Advocating avatars in the workplace
2nd Apr 2013 | 07:00
Avaya CTO for EMEA talks about virtual characters
Maybe the craze for playing with avatars has subsided, but some believe that they could become a fixture in the workplace over the next few years.
Nigel Moulton, Chief Technology Officer EMEA for communications company Avaya, says it can encourage people to work together better than when they're face to face.
Avaya has been staking a claim in the market over the past 15 months with AvayaLive Engage, a platform for virtual environments in which users interact with each other through avatars. An organisation can create the environment, and employees can create their virtual characters to cut the hassle of getting together in a particular office.
Moulton is a cheerleader for the technology, saying that the virtual environment reduces inhibitions that often appear in the physical workplace.
"We find people collaborate more naturally in a virtual environment than the real world," he says. "There seems to be less of a barrier to collaborating."
There are some informal rules that are best followed: for example, people should create avatars that do not look greatly different to their real world appearance, and dressing the avatar in line with the type of meeting taking place.

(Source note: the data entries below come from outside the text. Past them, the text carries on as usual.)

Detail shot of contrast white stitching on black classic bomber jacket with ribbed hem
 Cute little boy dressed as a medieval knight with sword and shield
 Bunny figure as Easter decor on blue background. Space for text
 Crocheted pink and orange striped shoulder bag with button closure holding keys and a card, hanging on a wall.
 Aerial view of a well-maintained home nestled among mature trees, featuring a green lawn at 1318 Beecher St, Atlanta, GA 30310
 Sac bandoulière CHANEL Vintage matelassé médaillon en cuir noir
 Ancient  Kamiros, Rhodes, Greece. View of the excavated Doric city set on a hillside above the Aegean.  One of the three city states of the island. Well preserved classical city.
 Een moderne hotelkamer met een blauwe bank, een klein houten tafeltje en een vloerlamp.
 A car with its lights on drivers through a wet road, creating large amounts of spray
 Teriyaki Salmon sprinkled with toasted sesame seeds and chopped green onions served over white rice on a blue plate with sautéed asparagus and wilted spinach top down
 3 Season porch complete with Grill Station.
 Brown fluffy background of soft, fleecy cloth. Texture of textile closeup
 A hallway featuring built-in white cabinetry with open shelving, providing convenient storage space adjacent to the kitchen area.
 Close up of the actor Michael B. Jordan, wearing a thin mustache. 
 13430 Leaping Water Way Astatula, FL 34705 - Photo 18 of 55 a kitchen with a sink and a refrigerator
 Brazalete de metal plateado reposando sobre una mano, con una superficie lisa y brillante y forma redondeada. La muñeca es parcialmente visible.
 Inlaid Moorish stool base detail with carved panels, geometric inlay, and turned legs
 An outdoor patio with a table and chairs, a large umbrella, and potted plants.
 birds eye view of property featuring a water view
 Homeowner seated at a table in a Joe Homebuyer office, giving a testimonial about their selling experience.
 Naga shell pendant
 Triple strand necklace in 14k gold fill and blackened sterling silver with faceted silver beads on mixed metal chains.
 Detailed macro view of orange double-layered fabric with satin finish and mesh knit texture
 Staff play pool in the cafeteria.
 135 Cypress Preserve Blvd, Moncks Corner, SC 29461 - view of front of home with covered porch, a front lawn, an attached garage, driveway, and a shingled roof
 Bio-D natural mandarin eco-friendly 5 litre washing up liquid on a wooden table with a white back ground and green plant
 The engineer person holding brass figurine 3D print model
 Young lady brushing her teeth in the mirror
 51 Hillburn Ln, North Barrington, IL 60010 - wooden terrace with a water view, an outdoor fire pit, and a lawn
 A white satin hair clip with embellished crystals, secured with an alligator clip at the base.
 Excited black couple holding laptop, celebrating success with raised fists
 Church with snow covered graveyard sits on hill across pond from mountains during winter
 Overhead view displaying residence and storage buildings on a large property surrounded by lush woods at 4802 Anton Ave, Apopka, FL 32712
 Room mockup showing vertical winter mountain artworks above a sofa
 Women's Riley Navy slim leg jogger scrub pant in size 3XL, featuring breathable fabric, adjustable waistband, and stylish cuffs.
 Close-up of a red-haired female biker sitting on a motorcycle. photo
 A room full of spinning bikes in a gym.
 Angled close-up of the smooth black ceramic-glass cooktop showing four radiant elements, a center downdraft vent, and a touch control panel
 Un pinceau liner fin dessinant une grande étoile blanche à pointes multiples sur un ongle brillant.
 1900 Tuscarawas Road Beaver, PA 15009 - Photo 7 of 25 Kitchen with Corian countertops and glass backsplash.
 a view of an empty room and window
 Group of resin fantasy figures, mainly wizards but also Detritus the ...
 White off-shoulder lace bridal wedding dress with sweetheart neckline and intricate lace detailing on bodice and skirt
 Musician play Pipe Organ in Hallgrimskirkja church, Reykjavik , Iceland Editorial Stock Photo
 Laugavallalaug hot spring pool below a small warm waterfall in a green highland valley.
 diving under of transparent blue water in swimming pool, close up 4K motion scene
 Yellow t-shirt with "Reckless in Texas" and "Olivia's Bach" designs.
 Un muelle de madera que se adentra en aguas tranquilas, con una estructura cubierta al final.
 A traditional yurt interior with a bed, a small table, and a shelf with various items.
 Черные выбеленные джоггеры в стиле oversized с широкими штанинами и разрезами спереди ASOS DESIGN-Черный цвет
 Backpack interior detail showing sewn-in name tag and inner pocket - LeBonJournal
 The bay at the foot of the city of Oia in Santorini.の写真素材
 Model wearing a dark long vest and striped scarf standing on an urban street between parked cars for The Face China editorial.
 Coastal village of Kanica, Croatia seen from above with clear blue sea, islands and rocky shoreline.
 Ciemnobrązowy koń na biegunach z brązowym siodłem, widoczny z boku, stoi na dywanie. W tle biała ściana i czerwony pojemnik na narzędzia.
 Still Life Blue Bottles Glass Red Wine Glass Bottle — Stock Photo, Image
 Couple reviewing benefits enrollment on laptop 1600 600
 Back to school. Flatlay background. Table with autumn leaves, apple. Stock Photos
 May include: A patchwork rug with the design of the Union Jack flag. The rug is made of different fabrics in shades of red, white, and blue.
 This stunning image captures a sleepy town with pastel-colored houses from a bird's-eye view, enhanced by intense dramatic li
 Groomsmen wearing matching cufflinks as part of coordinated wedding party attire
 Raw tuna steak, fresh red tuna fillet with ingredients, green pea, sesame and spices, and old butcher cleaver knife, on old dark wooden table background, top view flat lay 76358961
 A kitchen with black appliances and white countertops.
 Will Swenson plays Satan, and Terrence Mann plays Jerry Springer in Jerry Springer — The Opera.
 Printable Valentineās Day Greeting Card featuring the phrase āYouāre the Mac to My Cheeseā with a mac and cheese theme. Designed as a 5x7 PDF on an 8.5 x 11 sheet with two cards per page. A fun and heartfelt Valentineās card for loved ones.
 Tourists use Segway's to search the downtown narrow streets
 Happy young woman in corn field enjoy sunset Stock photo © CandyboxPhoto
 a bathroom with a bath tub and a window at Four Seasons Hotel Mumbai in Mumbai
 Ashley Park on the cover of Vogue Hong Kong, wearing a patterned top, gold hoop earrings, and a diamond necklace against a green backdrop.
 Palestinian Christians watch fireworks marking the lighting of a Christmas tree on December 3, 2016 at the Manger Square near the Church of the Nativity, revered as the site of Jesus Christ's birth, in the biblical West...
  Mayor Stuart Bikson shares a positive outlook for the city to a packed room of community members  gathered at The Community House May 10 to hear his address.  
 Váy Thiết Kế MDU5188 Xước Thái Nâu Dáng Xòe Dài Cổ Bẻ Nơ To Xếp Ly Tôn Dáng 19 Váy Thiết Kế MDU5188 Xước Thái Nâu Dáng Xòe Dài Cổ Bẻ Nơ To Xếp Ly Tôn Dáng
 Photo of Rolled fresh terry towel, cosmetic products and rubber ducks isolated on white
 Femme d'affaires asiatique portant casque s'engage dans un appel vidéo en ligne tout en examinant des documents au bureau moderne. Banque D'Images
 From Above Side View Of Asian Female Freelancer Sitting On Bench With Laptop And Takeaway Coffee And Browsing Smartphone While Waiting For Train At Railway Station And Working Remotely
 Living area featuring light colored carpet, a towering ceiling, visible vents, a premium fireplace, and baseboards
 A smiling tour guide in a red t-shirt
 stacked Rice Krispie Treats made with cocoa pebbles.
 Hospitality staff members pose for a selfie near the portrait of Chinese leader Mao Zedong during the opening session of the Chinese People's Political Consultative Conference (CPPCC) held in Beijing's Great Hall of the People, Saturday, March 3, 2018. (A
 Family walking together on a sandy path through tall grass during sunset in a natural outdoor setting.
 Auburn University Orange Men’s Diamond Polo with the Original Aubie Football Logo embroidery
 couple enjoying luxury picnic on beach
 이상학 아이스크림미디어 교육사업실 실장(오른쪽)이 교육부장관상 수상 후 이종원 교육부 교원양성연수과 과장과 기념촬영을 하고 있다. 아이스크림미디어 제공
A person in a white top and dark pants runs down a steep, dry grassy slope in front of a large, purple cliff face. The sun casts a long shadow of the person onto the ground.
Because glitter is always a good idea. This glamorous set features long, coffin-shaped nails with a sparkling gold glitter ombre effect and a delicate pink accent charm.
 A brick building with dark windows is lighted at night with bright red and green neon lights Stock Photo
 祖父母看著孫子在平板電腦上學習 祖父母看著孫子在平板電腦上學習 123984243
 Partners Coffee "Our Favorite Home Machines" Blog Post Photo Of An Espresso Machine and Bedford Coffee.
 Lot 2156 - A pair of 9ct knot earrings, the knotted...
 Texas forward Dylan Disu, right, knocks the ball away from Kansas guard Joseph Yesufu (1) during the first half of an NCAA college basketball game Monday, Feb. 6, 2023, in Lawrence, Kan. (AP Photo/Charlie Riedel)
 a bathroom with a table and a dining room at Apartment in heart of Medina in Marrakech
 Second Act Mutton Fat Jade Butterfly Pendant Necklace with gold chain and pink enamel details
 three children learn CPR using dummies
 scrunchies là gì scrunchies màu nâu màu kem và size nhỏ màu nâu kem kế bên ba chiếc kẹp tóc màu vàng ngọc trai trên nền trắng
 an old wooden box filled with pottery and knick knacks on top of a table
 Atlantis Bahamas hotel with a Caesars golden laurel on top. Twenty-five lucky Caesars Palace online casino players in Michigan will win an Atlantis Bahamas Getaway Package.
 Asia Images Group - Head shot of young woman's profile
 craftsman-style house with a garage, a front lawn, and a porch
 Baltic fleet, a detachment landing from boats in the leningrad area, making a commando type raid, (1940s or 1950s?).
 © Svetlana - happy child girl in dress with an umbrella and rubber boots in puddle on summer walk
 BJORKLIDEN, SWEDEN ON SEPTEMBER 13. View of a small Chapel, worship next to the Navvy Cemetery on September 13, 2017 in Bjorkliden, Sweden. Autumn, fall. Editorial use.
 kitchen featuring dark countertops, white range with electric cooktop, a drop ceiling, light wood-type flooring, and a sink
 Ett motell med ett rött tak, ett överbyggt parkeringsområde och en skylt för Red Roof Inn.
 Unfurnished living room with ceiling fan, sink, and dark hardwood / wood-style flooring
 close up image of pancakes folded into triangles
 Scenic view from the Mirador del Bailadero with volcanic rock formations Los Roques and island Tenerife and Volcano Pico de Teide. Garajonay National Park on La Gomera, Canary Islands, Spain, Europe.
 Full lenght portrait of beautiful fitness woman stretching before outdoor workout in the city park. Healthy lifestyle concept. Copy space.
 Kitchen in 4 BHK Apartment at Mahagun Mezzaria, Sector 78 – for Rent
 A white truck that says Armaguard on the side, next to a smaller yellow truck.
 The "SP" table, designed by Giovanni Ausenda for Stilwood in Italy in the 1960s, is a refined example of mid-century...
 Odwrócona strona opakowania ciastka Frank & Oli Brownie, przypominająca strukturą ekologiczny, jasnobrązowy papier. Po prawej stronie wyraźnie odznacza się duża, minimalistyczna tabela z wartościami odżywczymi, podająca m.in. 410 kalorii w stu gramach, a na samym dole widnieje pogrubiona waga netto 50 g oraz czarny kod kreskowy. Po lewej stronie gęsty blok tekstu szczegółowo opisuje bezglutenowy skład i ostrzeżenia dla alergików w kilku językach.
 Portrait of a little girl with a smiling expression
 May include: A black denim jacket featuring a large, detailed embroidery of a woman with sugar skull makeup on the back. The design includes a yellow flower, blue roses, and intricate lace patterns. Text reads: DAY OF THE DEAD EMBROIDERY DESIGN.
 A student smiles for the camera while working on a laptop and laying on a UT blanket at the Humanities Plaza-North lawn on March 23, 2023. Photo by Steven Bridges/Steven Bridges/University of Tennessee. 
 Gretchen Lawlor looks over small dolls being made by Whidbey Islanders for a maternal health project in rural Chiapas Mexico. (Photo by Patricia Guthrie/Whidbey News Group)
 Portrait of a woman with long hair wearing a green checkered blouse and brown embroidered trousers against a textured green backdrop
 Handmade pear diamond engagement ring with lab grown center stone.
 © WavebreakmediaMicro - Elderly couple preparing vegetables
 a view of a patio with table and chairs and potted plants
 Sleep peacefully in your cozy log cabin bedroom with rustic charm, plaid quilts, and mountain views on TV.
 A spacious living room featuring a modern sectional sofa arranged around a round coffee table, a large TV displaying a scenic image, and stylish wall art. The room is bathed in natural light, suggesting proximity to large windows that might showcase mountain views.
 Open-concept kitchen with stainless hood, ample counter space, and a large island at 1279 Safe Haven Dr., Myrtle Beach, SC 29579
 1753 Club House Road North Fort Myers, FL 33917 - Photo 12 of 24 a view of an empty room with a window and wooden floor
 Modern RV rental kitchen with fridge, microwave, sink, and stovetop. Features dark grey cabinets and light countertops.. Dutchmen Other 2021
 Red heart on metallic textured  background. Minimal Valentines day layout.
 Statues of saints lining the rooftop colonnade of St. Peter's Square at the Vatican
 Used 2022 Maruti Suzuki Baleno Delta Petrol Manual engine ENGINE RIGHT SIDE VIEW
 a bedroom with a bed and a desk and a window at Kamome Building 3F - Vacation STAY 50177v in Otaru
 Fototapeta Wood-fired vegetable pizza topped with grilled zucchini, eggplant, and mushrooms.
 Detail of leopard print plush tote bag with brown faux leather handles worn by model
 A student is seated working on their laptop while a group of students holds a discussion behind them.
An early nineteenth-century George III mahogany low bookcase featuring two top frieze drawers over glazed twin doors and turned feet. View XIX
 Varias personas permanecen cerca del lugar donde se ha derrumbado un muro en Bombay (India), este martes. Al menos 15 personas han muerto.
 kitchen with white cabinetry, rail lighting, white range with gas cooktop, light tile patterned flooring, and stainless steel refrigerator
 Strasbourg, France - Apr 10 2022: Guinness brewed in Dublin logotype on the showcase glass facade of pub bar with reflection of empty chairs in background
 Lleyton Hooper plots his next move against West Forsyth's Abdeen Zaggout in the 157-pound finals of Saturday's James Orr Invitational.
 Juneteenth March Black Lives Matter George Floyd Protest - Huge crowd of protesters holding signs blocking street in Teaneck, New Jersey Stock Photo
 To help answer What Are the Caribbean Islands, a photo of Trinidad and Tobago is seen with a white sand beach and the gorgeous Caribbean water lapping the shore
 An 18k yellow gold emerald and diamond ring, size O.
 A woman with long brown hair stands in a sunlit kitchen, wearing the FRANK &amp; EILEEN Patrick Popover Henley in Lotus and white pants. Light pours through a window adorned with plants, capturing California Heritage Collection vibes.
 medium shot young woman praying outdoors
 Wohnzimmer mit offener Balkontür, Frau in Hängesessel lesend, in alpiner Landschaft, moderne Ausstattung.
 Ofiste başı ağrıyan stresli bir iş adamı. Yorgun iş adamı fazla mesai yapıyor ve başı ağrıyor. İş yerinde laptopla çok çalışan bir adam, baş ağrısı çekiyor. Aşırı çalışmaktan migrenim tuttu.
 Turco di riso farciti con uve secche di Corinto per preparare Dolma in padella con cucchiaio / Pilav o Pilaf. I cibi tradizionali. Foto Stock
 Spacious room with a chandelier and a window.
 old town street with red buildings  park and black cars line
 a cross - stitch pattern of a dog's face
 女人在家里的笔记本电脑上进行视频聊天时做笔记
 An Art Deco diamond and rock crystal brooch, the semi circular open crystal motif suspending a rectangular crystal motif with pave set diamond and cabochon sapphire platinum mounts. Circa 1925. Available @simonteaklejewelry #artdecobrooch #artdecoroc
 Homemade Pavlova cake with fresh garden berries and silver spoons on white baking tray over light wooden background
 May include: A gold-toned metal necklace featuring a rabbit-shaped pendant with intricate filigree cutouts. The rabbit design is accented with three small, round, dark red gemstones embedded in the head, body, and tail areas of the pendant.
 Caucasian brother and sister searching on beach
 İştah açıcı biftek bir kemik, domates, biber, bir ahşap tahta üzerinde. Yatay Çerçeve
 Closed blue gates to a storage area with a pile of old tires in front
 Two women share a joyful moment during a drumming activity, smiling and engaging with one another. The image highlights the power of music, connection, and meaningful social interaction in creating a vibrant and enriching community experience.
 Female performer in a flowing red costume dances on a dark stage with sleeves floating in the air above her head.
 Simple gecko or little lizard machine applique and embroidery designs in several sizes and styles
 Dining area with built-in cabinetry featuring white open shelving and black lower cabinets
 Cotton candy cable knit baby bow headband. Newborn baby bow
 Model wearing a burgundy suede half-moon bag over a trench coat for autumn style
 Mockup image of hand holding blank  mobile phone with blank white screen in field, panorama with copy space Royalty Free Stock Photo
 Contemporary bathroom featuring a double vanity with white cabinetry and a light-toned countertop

Moulton says the technology provides a flexible platform for meetings. It's possible to hold conversations, provide presentations and show videos to participants, and they can interact with virtual objects, such as carrying out tasks and downloading written materials.
Avaya itself has used it extensively in training, in which a range of digital resources can be brought into the process.
So far it has been used largely by larger companies, which have been able to show a return on the capital investment through the travel savings. But Moulton says that service providers are making it available on a pay per use model better suited to smaller firms.
Some smaller companies are using it to work with partners on specific projects, and set up communities of interest in which they can deal with shared problems.
"If you project forwards 18 to 24 months I think you will see people begin to more broadly embrace these virtual worlds," Moulton says. "This notion that I attend a meeting through my browser will become more commonplace."